Android TV — Android TV emulator entries.
Roku — physical Roku devices (beta).

Exact models and OS versions come from the worker’s installed simulator and emulator set, not from a fixed list in the UI.

Launching a TV session

Open the Device Sandbox.
In the device dropdown, open the Apple TV or Android TV group and pick a device.
Click Start.

The session boots the same way as a phone or tablet session, and the video stream appears once the device is ready. You can install an app from your organization’s library into a TV session the same way you would on a phone.

Navigating with the d-pad

TV sessions have no touch interaction — tapping the stream does nothing.
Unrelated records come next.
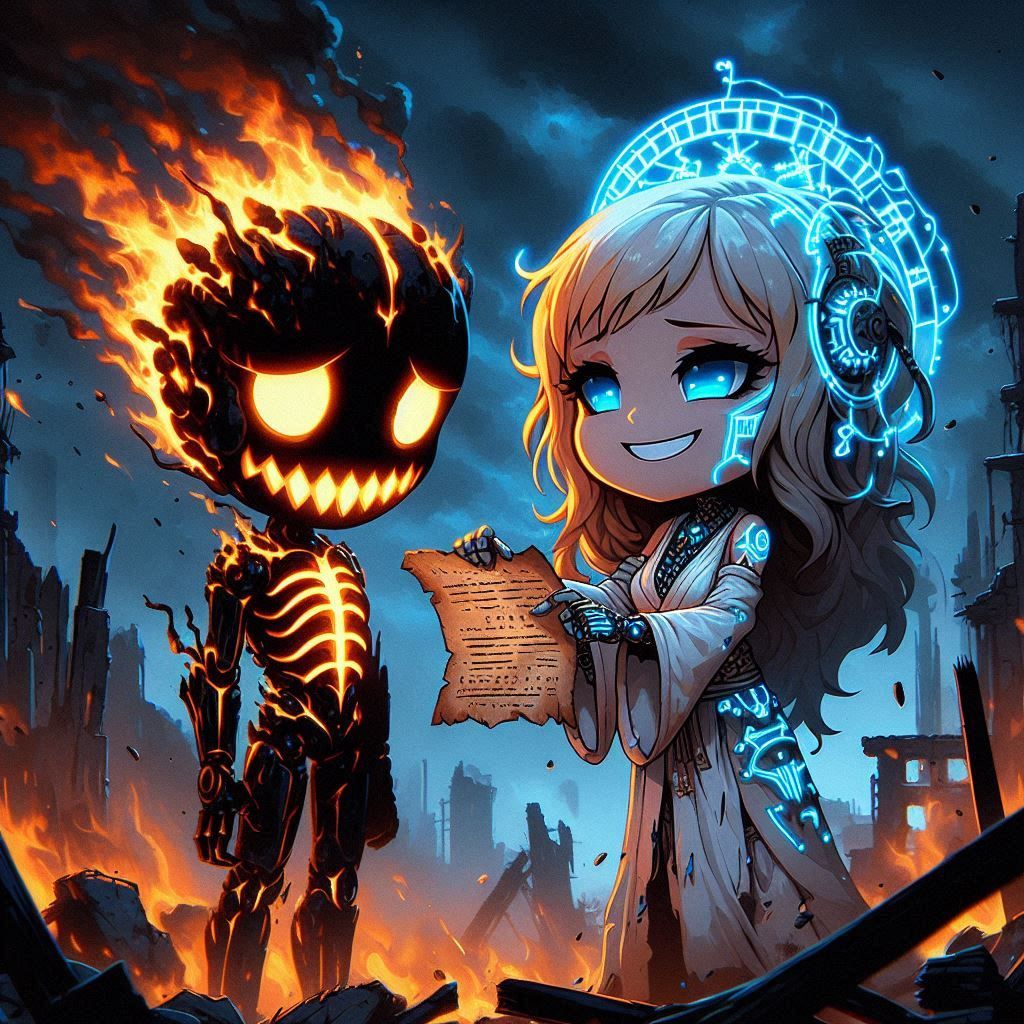 You see.... no problems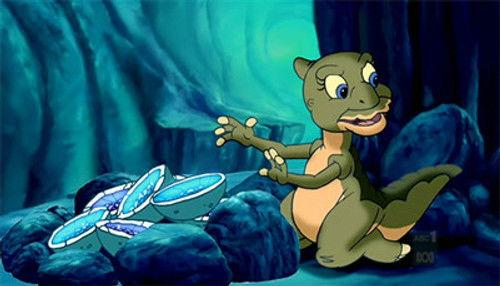 The Land Before Time Season 1 Episode 24 - Search for the Sky Color Stones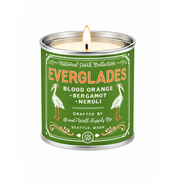 Good & Well Supply Co Everglades National Park Candle Candles Olive Drab Half Pint / 8oz / Cotton Wick,Pint / 14oz / Cotton Wick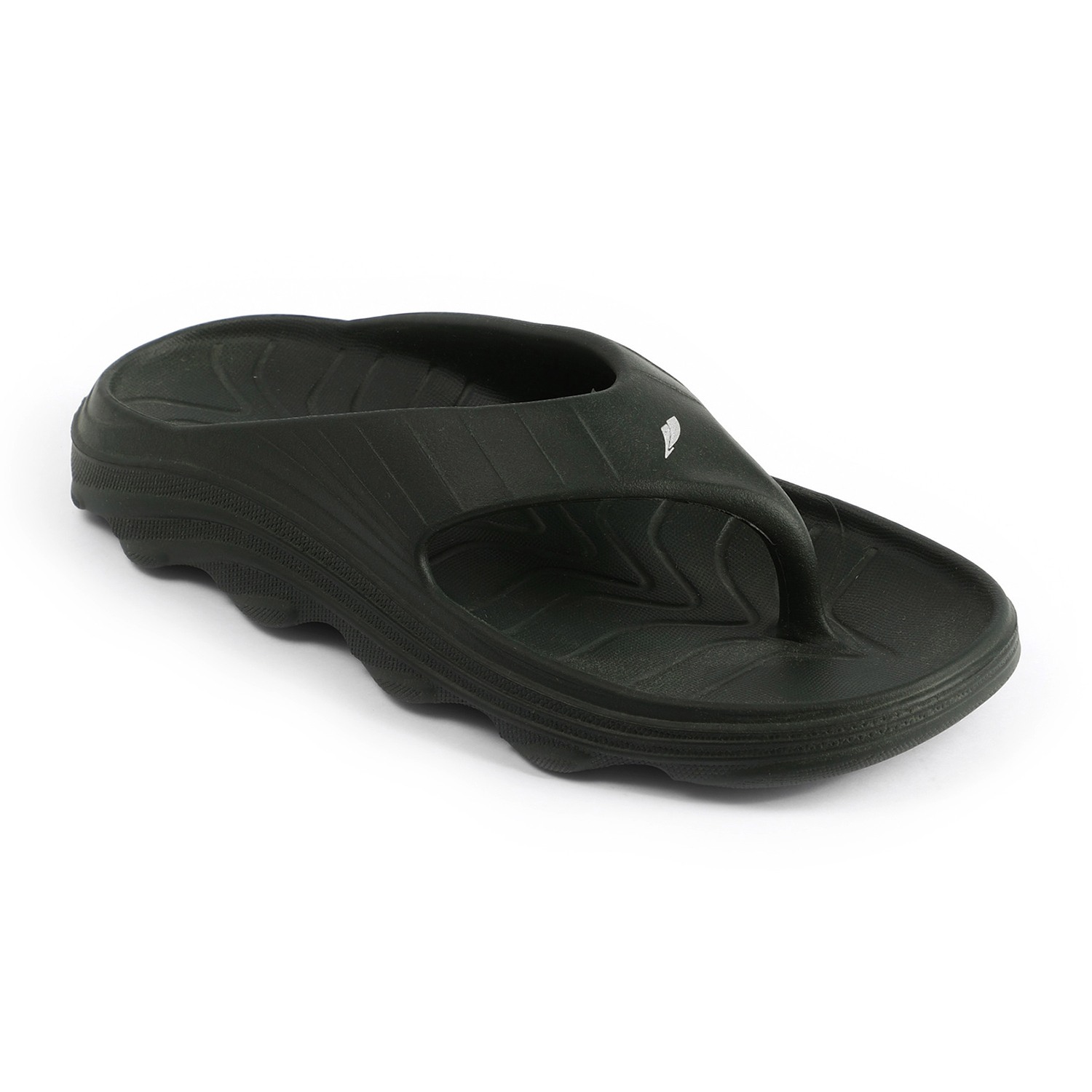Men Olive Flipflops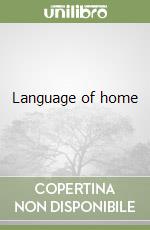 Language of home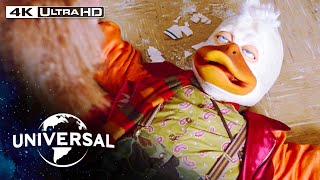 Howard the Duck  Quack Fu amp Telekinesis at Joe Romas Cajun Sushi Diner in 4K HDR [upl. by Nueoht]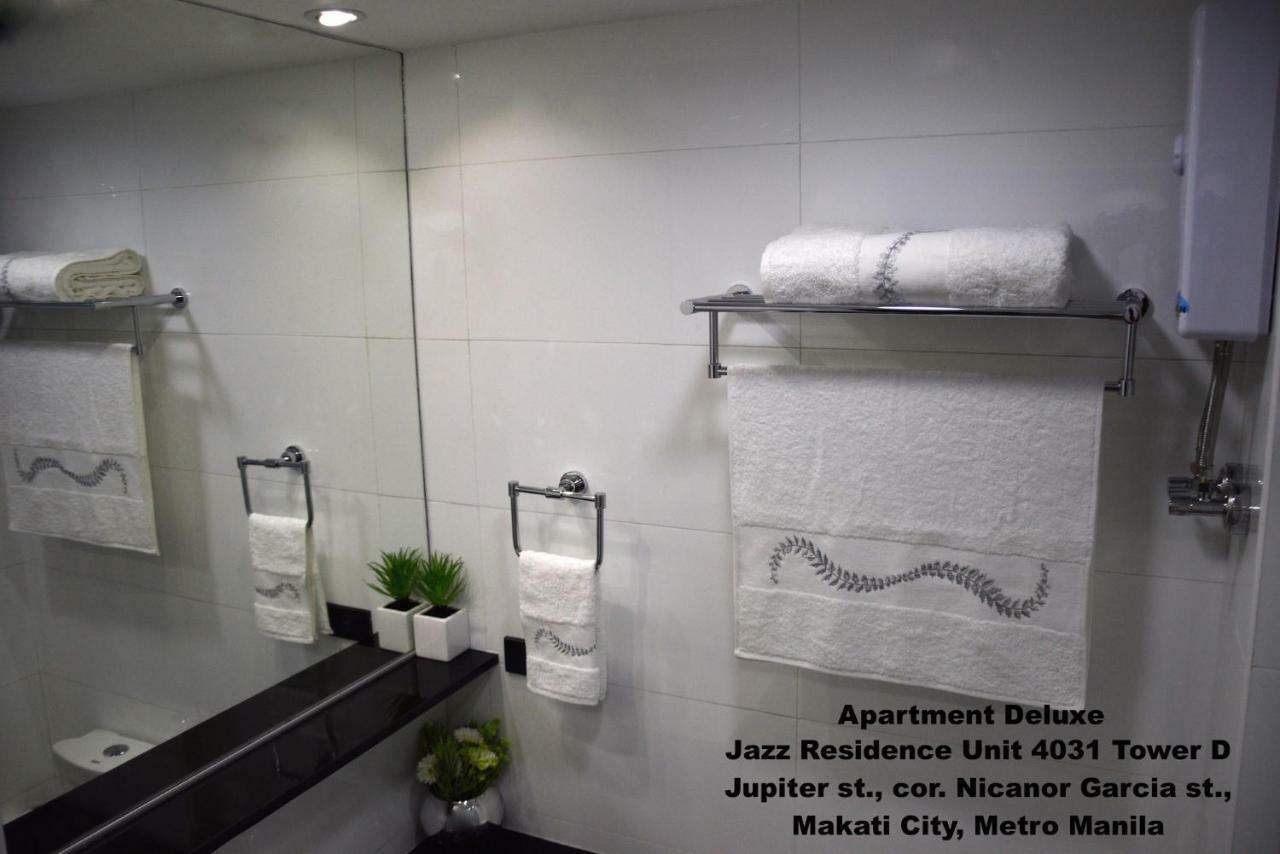 Jazz Makati Luxury Apartment Manila Exterior photo
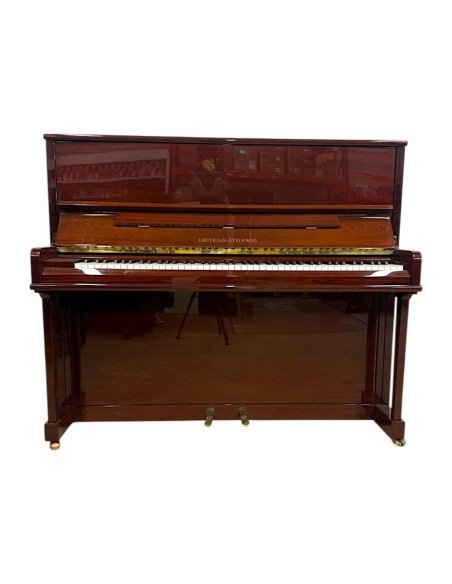 Piano Grotrian Steinweg 124 ouvert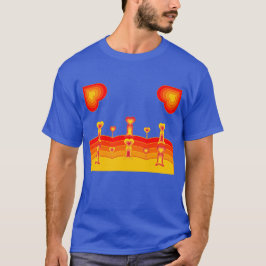 ハートスケープTシャツ Tシャツ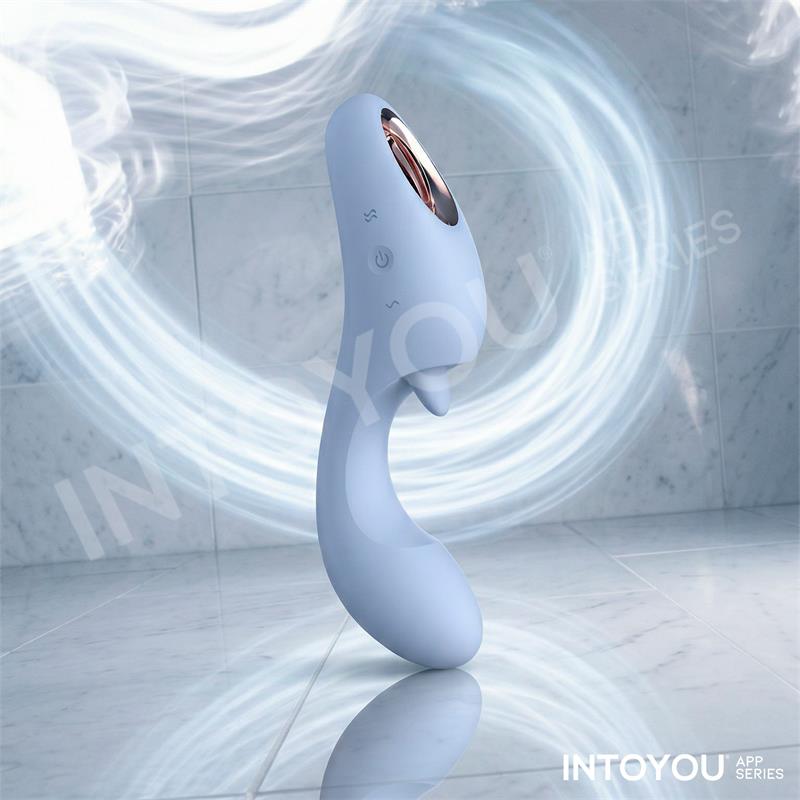 Licky Vibrador con Lengua Licking con App - imagen 9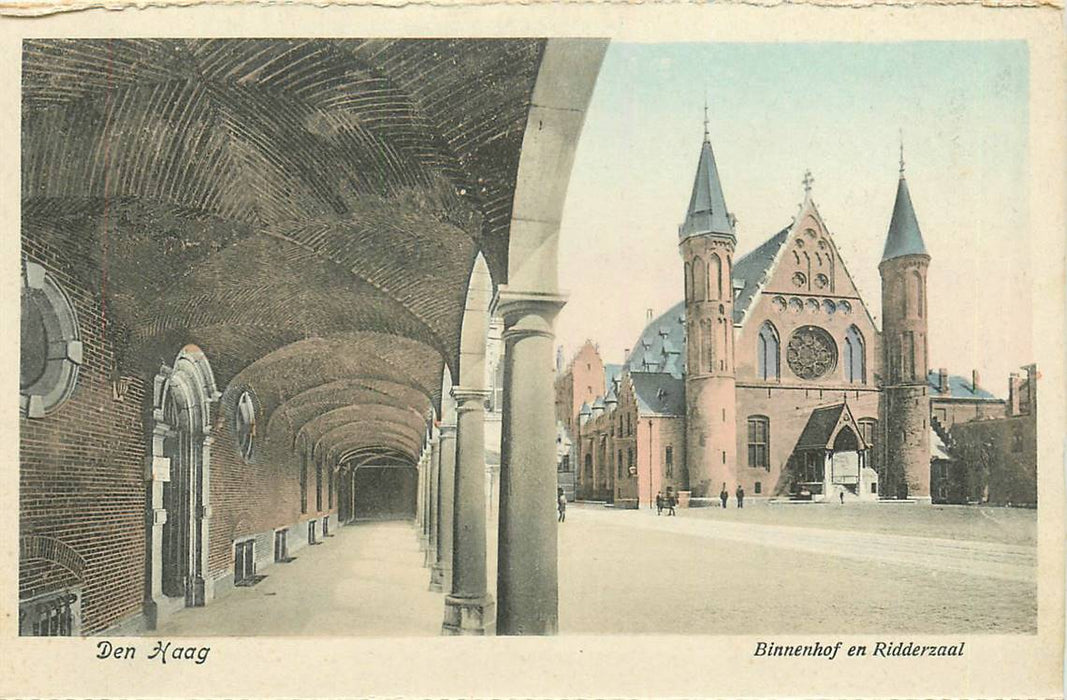 Den Haag Binnenhof en Ridderzaal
Instead, the sandbox forwards keyboard events as d-pad presses while a TV session is active:

Keyboard	D-pad action
Arrow Up	DPAD_UP
Arrow Down	DPAD_DOWN
Arrow Left	DPAD_LEFT
Arrow Right	DPAD_RIGHT
Enter	DPAD_CENTER (select)
Escape	BACK

The hint bar under the video stream reads Use arrow keys to navigate, Enter to select, Esc to go back while a TV session is live.

Keyboard forwarding is suppressed when focus is in an input, textarea, or select control in the sandbox UI, so you can still type into the sandbox chrome without firing d-pad events at the device.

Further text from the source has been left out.